Dataset extract: Begin

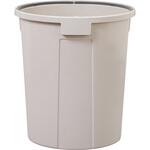 - ゴミ箱 ポリペール 丸型 モノタロウ 60041741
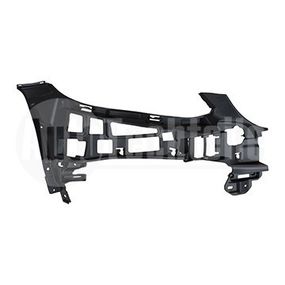 Крепление бампера переднего правое Mercedes Benz W205 14-21, AutoTechteile, 130 8807, 205 885 32 65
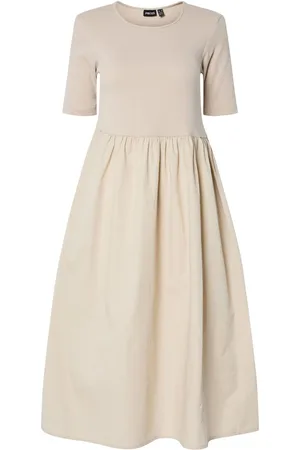 Pieces® Sukienka Midi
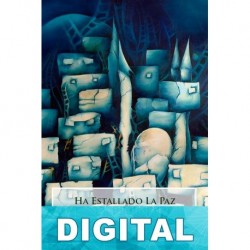 Ha estallado la paz José María Gironella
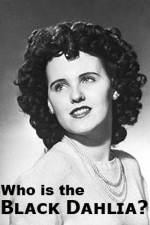 Watch Who Is the Black Dahlia 1channel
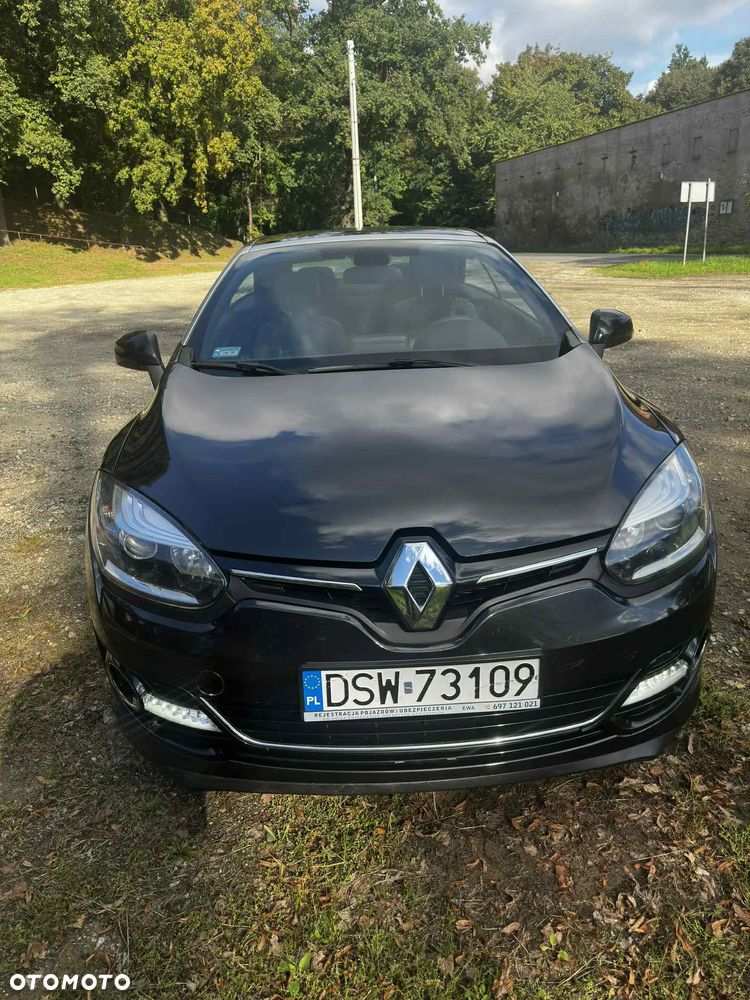 Renault Megane 1.5 dCi Bose Edition - 12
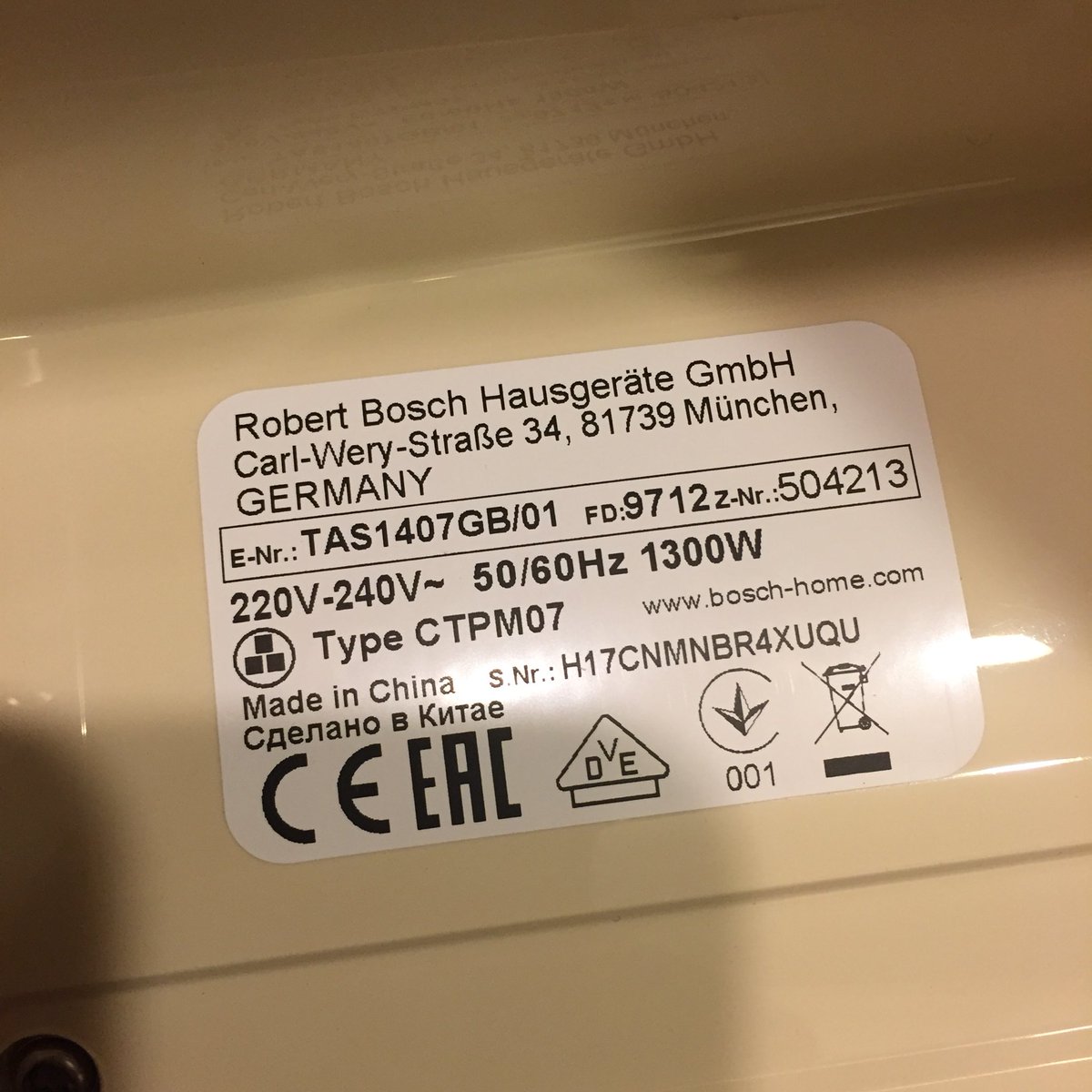 Boschglobal On Twitter Hi Thank You For Your Quick Reply We Ve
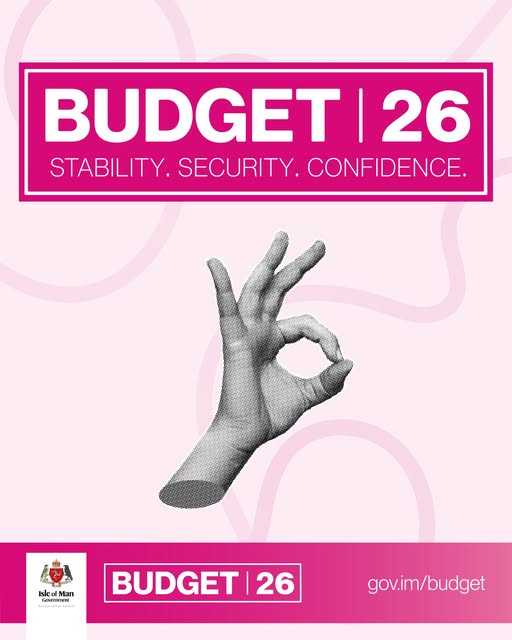 Isle of Man Government tweet media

Dataset extract: End

**Directions for this task:**
Beginning with the line that holds "Renault Megane 1.5 dCi Bose Edition - 12", return each line through the end of the records above exactly. Do not include pictures.

**Response to the task:**
 Renault Megane 1.5 dCi Bose Edition - 12
 Boschglobal On Twitter Hi Thank You For Your Quick Reply We Ve
 Isle of Man Government tweet media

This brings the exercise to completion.